Book Review: The Murderer’s Daughter

Book: The Murderer’s daughter

Author: Johnathan Kellerman

Publisher:  Random House – Ballantine (August 18th 2015)

Hardcover: 384 pages


Book cover- The murderer's daughter


The murderer’s daughter is a character-driven thriller portraying the life of a bold and brilliant psychologist, Dr Grace Blades. Grace helps troubled people, specially those who have lost their loved ones. She herself has lost her parents in a murder-suicide when she was five. Passing through a chain of foster homes, she finally finds a loving family. But, she still has a dark side, and leads a double life.

A new client, Andrew Toner, finds her through an article she has written about the psychological aspects of being related to a murderer. He recognises her from their recent encounter. He is hesitant to talk, and leaves within a few minutes.
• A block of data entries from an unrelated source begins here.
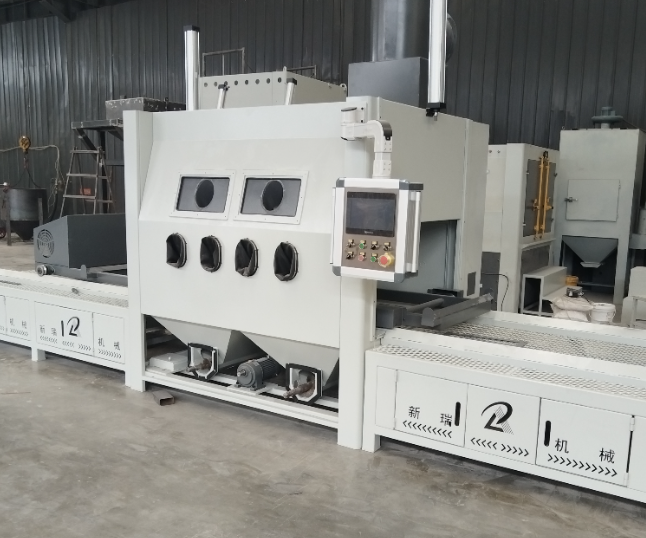 杨浦如何减少喷砂机砂料浪费 降低耗材成本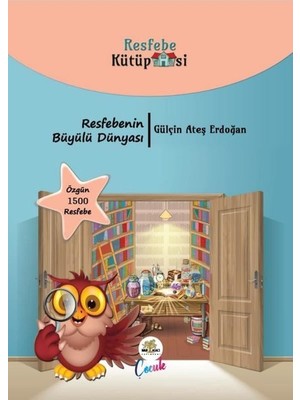 Resfebe Kütüphanesi - Gülçin Ateş Erdoğan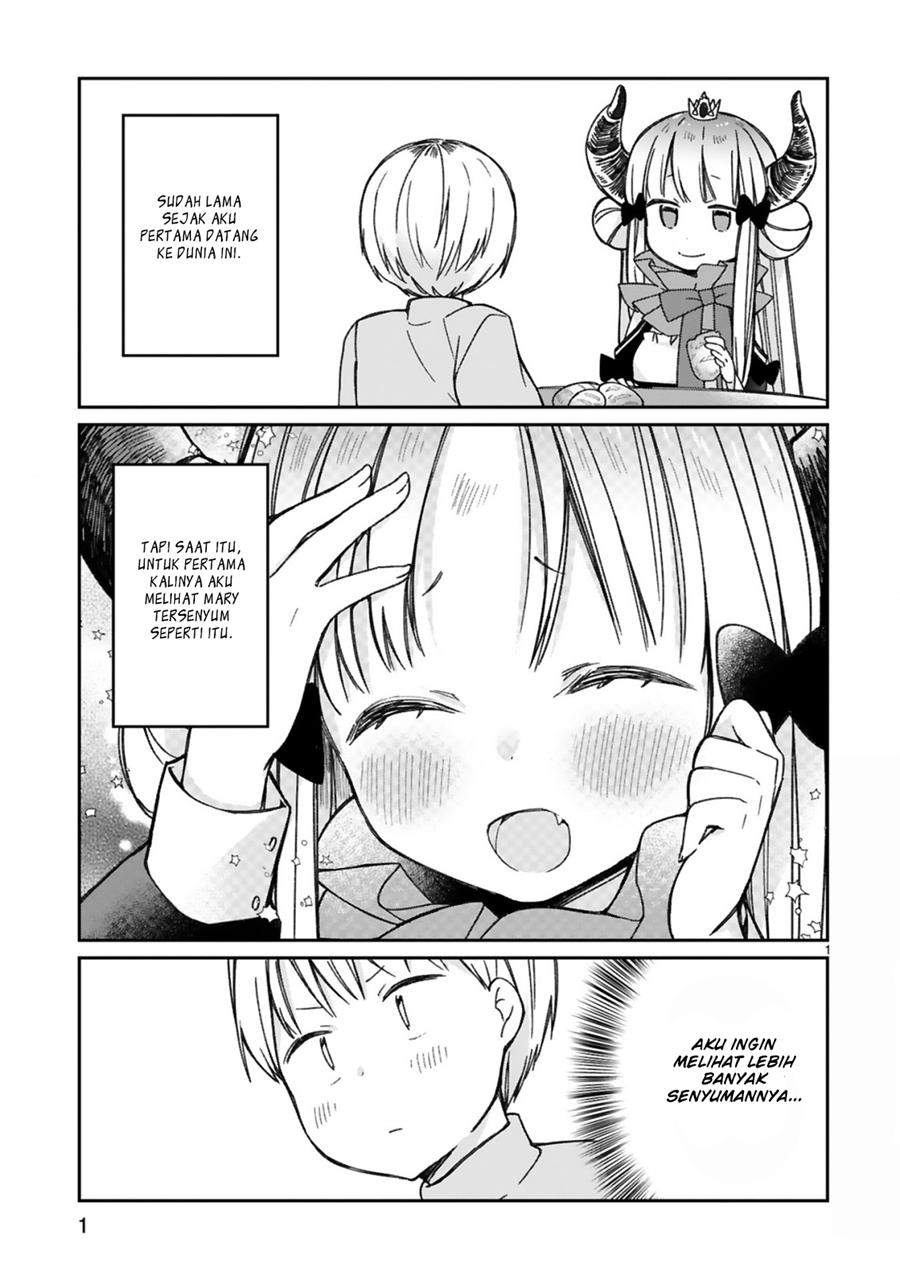 Manga I Was Summoned By The Demon Lord, But I Can’t Understand Her Language Chapter 15 gambar 2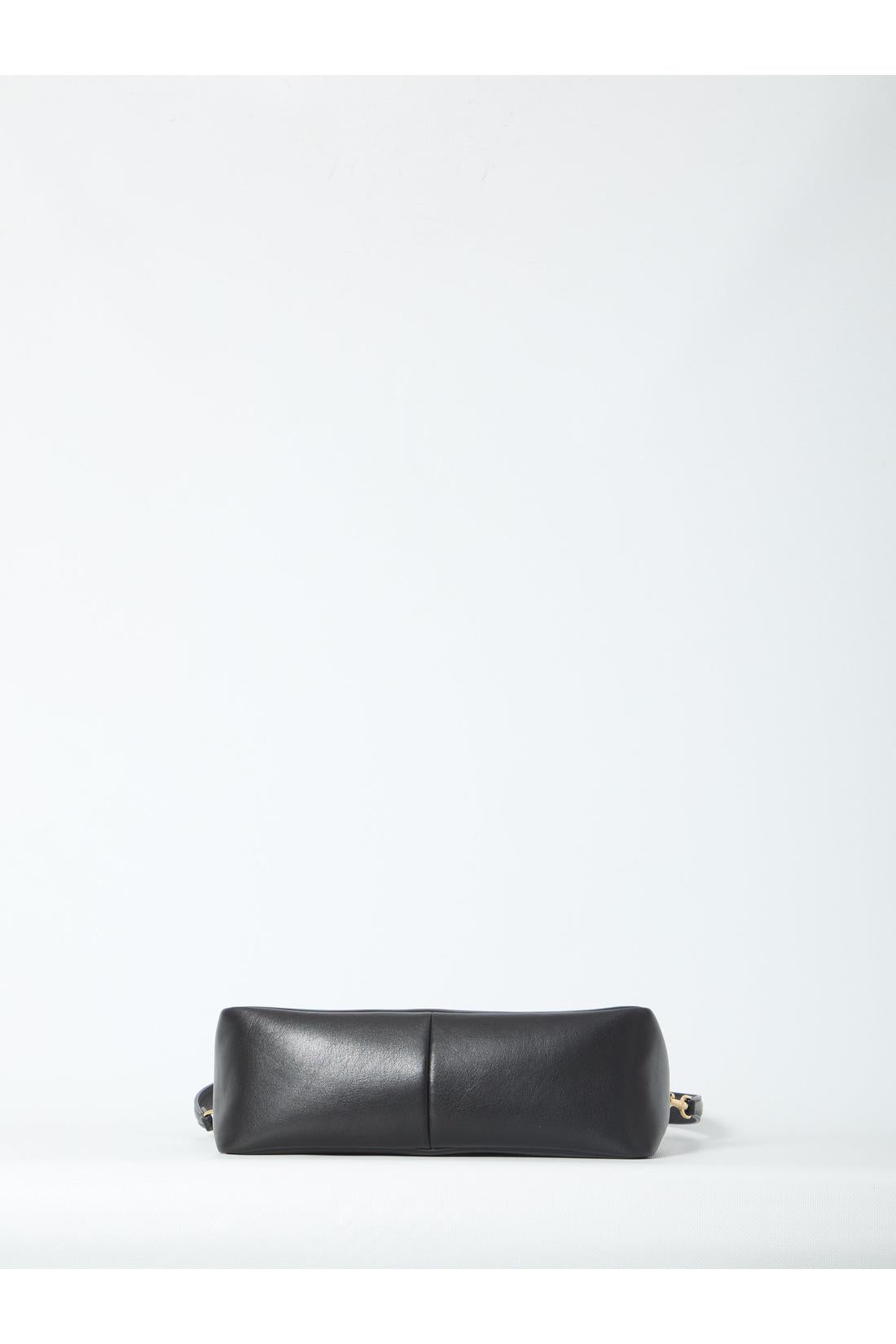 Tory Burch-OUTLET-SALE-Charlie shoulder bag-ARCHIVIST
The next day, a homicide detective turns up at her door with the news of his death.

Andrew Toner, which wasn’t his real name,  has brought back the evil from Grace’s past. She decides to confront the situation to prevent the police from uncovering her double life.

I liked Grace, and her badass attitude. She is cold, unemotional, and totally unrelatable, but she is a survivor. She survived a traumatic childhood, and has the courage to accept her flaws, as well as others’ flaws. Though she still carries the scars of her past, she doesn’t use them as an excuse for her behaviour.

The  murderer’s daughter moves back and forth effortlessly between flashbacks of Grace’s past, and the present. The plot portraying the present drudges along boring description of every little activity. I used to love the detailed description in Kellerman’s Alex Delware series. In this novel, these unnecessary details distract the readers from Grace’s current plight, and weaken the thriller.

However, the Grace’s past story written in flashbacks showcases one of the best written story, I’ve ever read. Whenever the present story tested my patience to the point of giving up, the plot delved into the past and grabbed my attention. And yes, I did finish the book in one sitting.

The author, Johnathan Kellerman, beautifully portrays the trauma a child suffers due to emotional neglect, and abuse. Though a brilliant child, little Grace finds it hard to cope with her troubles. To comfort herself, she distances herself from her problems, and indirectly from people in general.

Book Description:

Master psychologist by day, seductive adrenaline junkie by night, Grace has a very dark past—one that’s about to bleed into a terrifying present.

A brilliant, deeply dedicated psychologist, Grace Blades has a gift for treating troubled souls and tormented psyches—perhaps because she bears her own invisible scars: Only five years old when she witnessed her parents’ deaths in a bloody murder-suicide, Grace took refuge in her fierce intellect and found comfort in the loving couple who adopted her. But even as an adult with an accomplished professional life, Grace still has a dark, secret side. When her two worlds shockingly converge, Grace’s harrowing past returns with a vengeance.

The Verdict:

The Murderer’s Daughter is an okay thriller. However, the beautiful narration of Grace’s childhood takes the book to a must-read category for amazing writing.

*I received an advance review copy from Random House Publishing Group- Ballantine via NetGalley in exchange for an honest review.

You can buy the book at Amazon

P.S. The book as a rape scene described in detail at the end, which might be horrifying to some readers. Since, I skip such scenes, I have no idea how gory it actually is.


12 thoughts on “Book Review: The Murderer’s Daughter

  1. i found the detailed description of the rape scene at the end of the book unnecessary and horrifying. we don’t need to give men more roadmaps on ways to commit violence against women. as a psychologist i would also think Kellerman might be more sensitive to how what he writes might affect and even traumatize his women readers.

    1. I agree with you that this scene was totally unnecessary even to prove the cruelty of the antagonist. I think that was already proved by his childhood behaviour, and thereafter.
      Thanks for commenting. Have a great day!

  2. Seems like a different kind of book. Most of the problems will be solved if tried to understand others’ perspectives. But, it is not easy to put on else’s shoes. Books like this can help develop such broad mentality, I guess.

    Thanks for this review, Kiran. Not sure if I would buy and read this book, but, I am happy that I read your review.